When I use this index then it works:

CREATE INDEX `def_type_modified` ON `data`(`type`,array_max(array [ifmissingornull((`u`.`modified`), (`u`.`created`)), ifmissingornull((`u`.`modifiedby`), (`u`.`createdby`))] 
for `u` in to_array(ifmissingornull((`revisioninfo`.`updates`), `revisioninfo`)) end) DESC,(`revisioninfo`.`modifiedcount`)) 

However, if I try to “tune” this index by not including those 230K entries that I know for sure I would never query:

CREATE INDEX `def_type_modified` ON `data`(`type`,array_max(array [ifmissingornull((`u`.`modified`), (`u`.`created`)), ifmissingornull((`u`.`modifiedby`), (`u`.`createdby`))] 
for `u` in to_array(ifmissingornull((`revisioninfo`.`updates`), `revisioninfo`)) end) DESC,(`revisioninfo`.`modifiedcount`)) 
WHERE (not (`type` = "ActivityLog")) 

… then it won’t use that index any more! And I still have the type field in my query. So how can this be? Based on what you mentioned then I would have thought that should work Ok - but just have a much smaller index to check to find the result…

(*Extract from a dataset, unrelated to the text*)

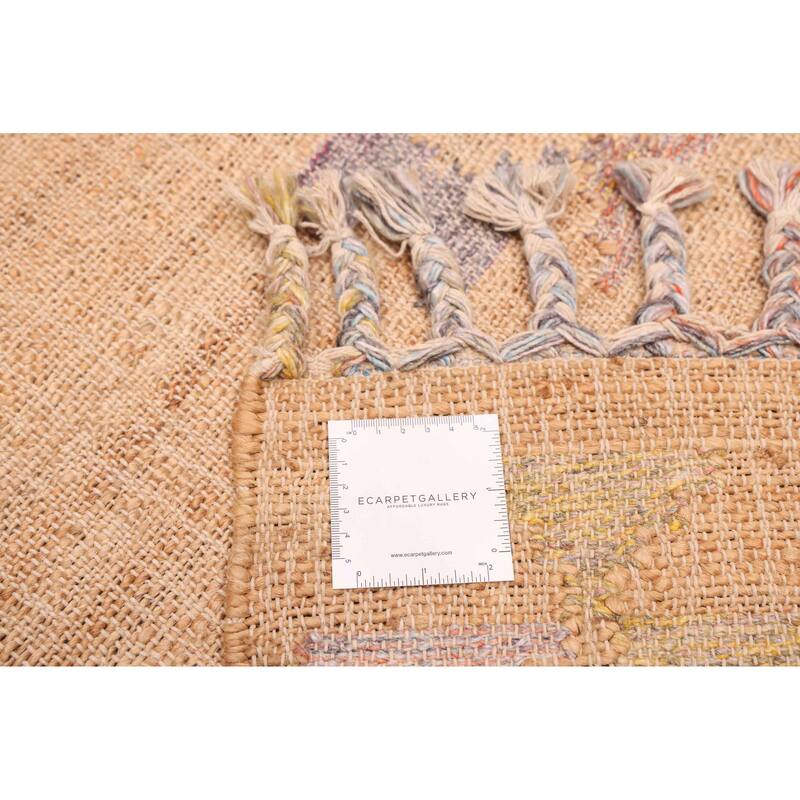 ECARPETGALLERY Flat-Weave Palas Denizli Tan Jute Kilim - 5'4 x 7'6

So I guess that perhaps it comes down to whether one should try (and can?) limit entries in an index for better performance like I try here by excluding a certain document type (the type “ActivityLog”)?

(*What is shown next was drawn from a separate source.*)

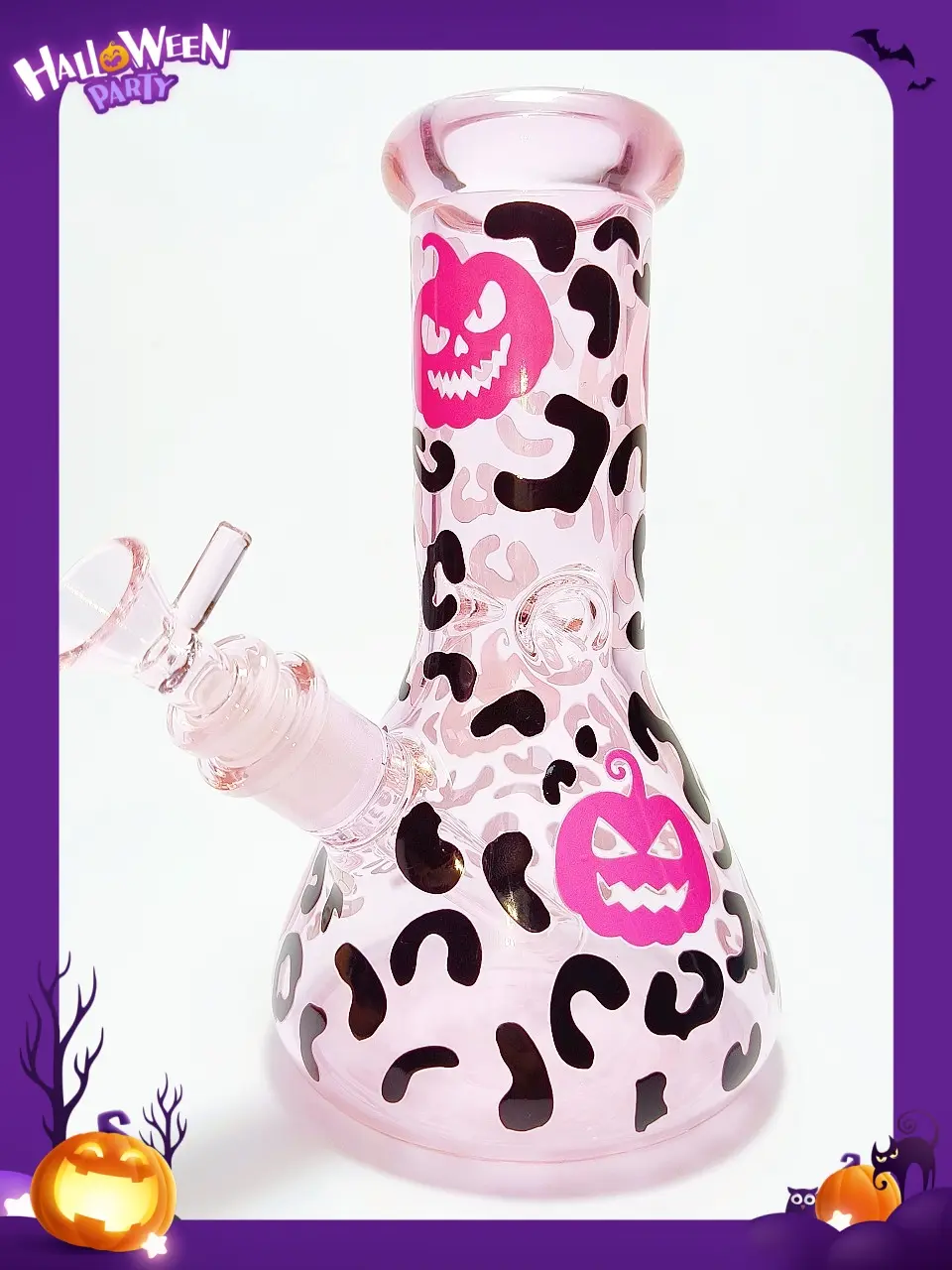 Leopard Pink Pumpkin Beaker Glass Bong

  • You specify USE INDEX clause if you need specific index to use.
  • Index Selection is based on query predicate only When there are multiple indexes can be used and query is not covered it will pick random index. provide hint through USE INDEX.
  • If you don’t want include documents in the index you must create partial index. To use that index you must specify the index condition in query predicate.

Ok, thanks for clarifying this.